Der Komponentenhersteller Schaffner muss wegen der US-Steuerreform eine einmalige Anpassung auf latenten Steuerguthaben in Nordamerika von 2,7 Mio CHF vornehmen. Diese werde allerdings teilweise durch andere Sondereffekte kompensiert, teilt das Unternehmen am Montag mit. Deshalb werde an der Guidance vom vergangenen Dezember festgehalten.

An der Bilanzmedienkonferenz zum Geschäftsjahr 2016/17 hatte Schaffner für die EBIT-Marge 2017/18 einen Wert „im mittleren einstelligen Prozentbereich“ in Aussicht gestellt und damit lediglich eine defensive Prognose abgegeben; dies in Anbetracht der 2016/17 erreichten Marge von 5,9%, welche bereits am oberen Ende der neuen Prognose lag. Damit dürfte sich die Marge leicht rückläufig bis bestenfalls gehalten entwickeln. Begründet wurde die vorsichtige Guidance unter anderem mit dem anhaltenden Preisdruck.

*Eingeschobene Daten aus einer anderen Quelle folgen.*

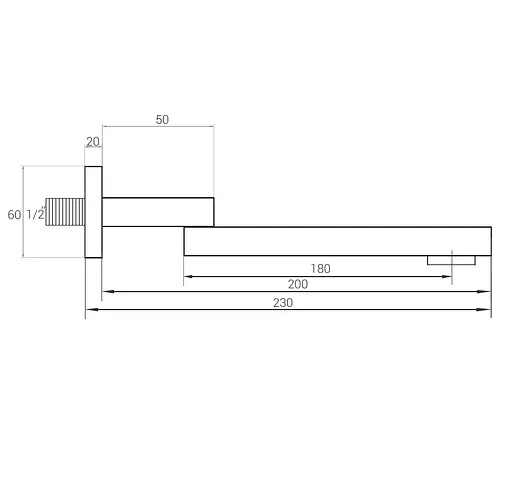 Душова система Globus Lux Smart GLM-305N-BB вбудована на три споживача,поворот. вилив,Чорний мат, Чорний матовий - фото 3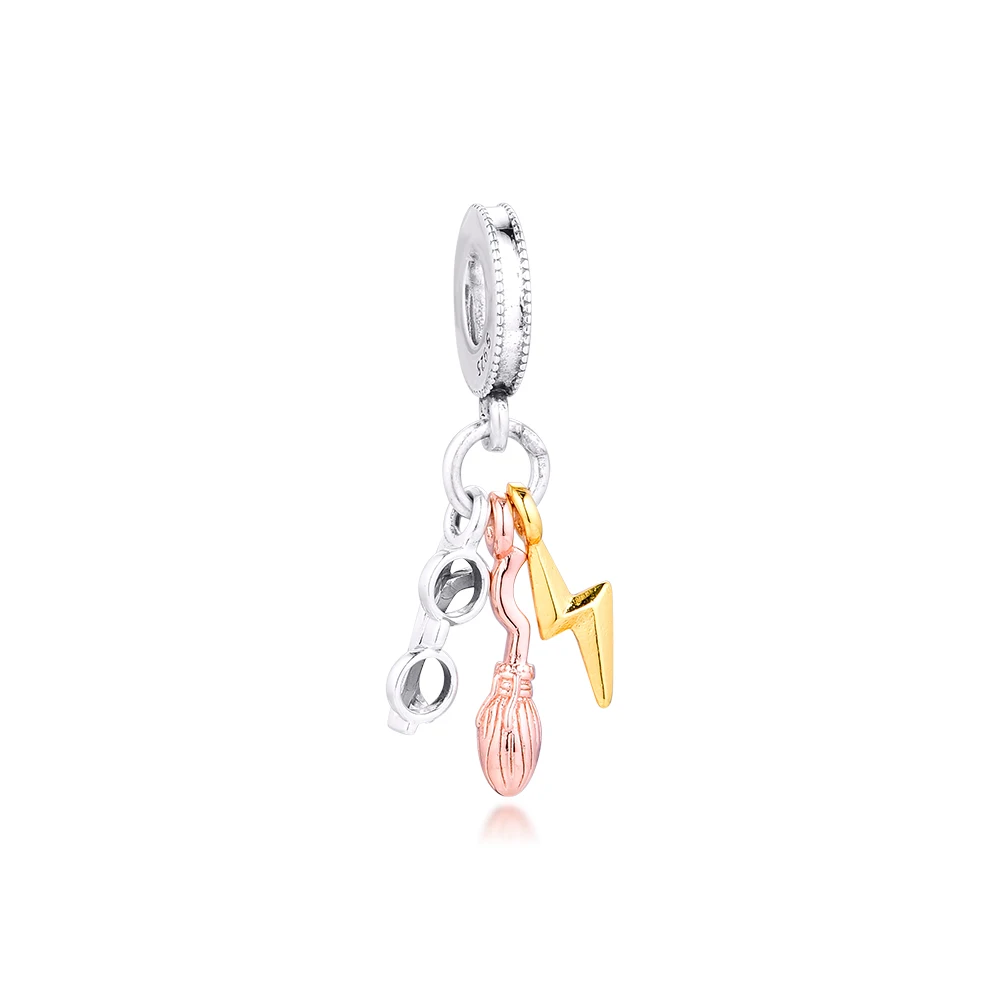 Adatto Per Ckk Charms Bracciali Occhiali, Nimbus 2000 E Fulmine Bullone Perline 100% 925 Sterling-Argento-Gioielli Spedizione Gratuita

Die Auswirkungen des Brandes vom 30. Dezember 2017 in einem Teil des Schaffner-Werks in Thailand dürften die aktuelle Geschäftsentwicklung operativ nicht beeinflussen, heisst es weiter. Die Lieferbereitschaft gegenüber den Kunden sei jederzeit aufrechterhalten worden.

Insgesamt befinde sich das Unternehmen weiterhin auf Wachstumskurs. Wegen der eingangs erwähnten Sondereffekte werde das Ergebnis im ersten Semester 2017/18 aber leicht unter dem Vorjahreswert liegen. Damals wurde ein Reinergebnis von 4,2 Mio CHF erzielt.

Das Halbjahresergebnis wird am 9. Mai 2018 publiziert.